Annual house price growth eased to 8.4% in the month of June, the lowest rate in a year, according to the Halifax, the UK’s largest mortgage lender.
The quarterly rate of growth was 1.2%, the slowest since December 2014.
The pace of growth is still many times above general inflation, but one senior economist has warned of a “serious risk of an extended and marked downturn” following the Brexit vote.
The figures from the Halifax cover the period before the referendum result.
The annual rate is down from 9.2% in May.
“House prices continue to increase, albeit at a slower rate, but this precedes the EU referendum result, therefore it is far too early to determine any impact since,” said Martin Ellis, Halifax’s housing economist.

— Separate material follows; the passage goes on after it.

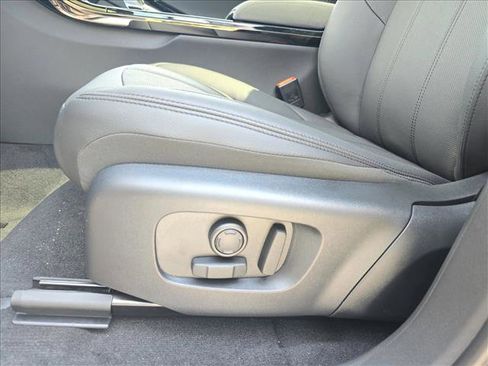 New 2026 Land Rover Range Rover Evoque S image 29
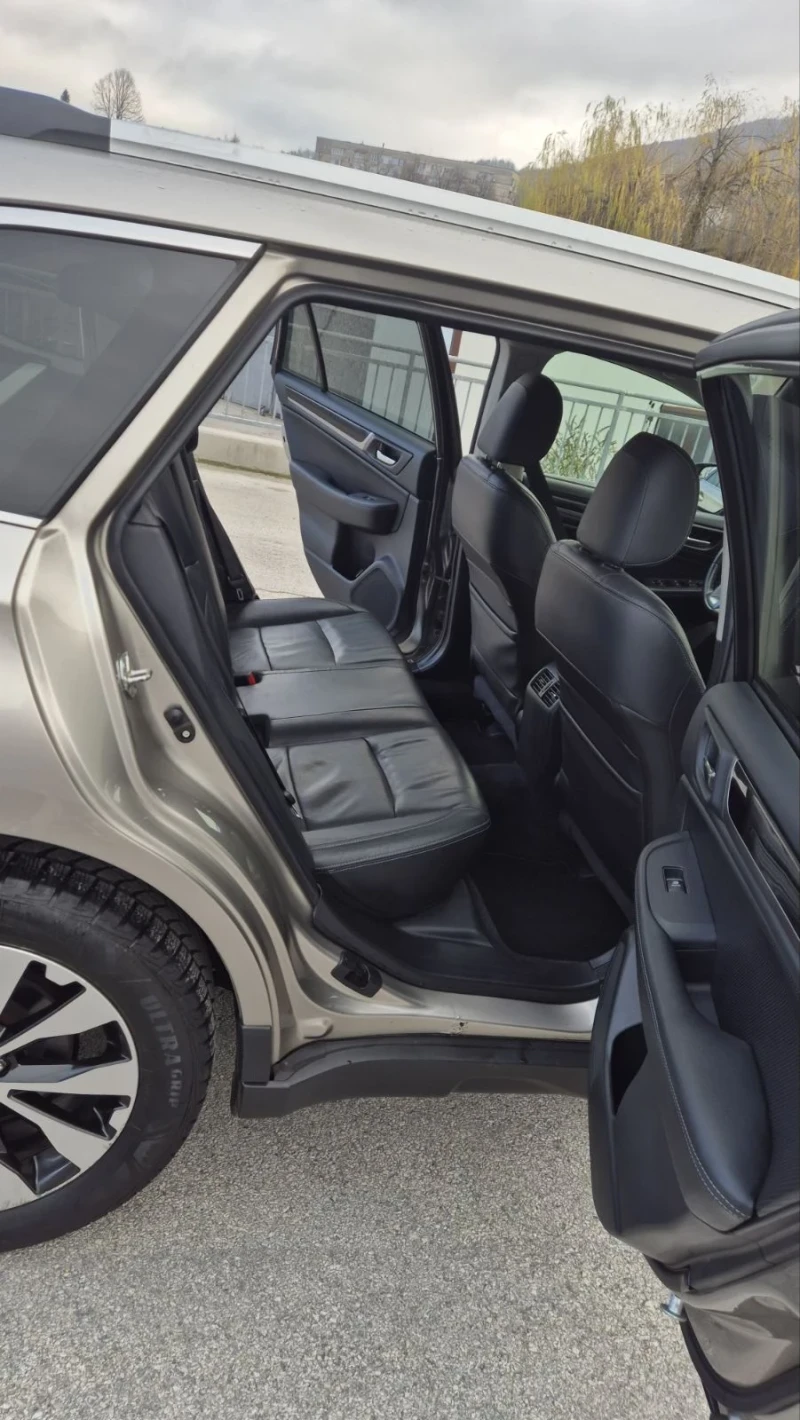 Subaru Outback NAVI/PANORAMA/FULL/TOP, снимка 11 - Автомобили и джипове - 52805789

Howard Archer, chief UK economist at IHS Global Insight, said there was likely to be a major impact on house prices in the months ahead: “Despite the Halifax reporting a marked rise in house prices in June itself, we believe that the prospects for the housing market have deteriorated markedly following the Brexit vote.
“Housing market activity and prices now look to be at very serious risk of an extended, marked downturn following the UK’s vote to leave the EU.”
In the meantime the Halifax said the average price of a house has risen to another record high, at £216,823.
More homes for sale
An analysis by a firm of estate agents suggests that few buyers have backed out of house purchases since the referendum result.
Jackson-Stops and Staff looked at 750,000 properties for sale in the UK on Friday 24 June.
It found that 41% of homes on the market were already under offer.
A similar analysis on 6 July found that 39.9% were under offer – virtually the same proportion.
In addition, the number of properties for sale has increased by 21,000 since 24 June.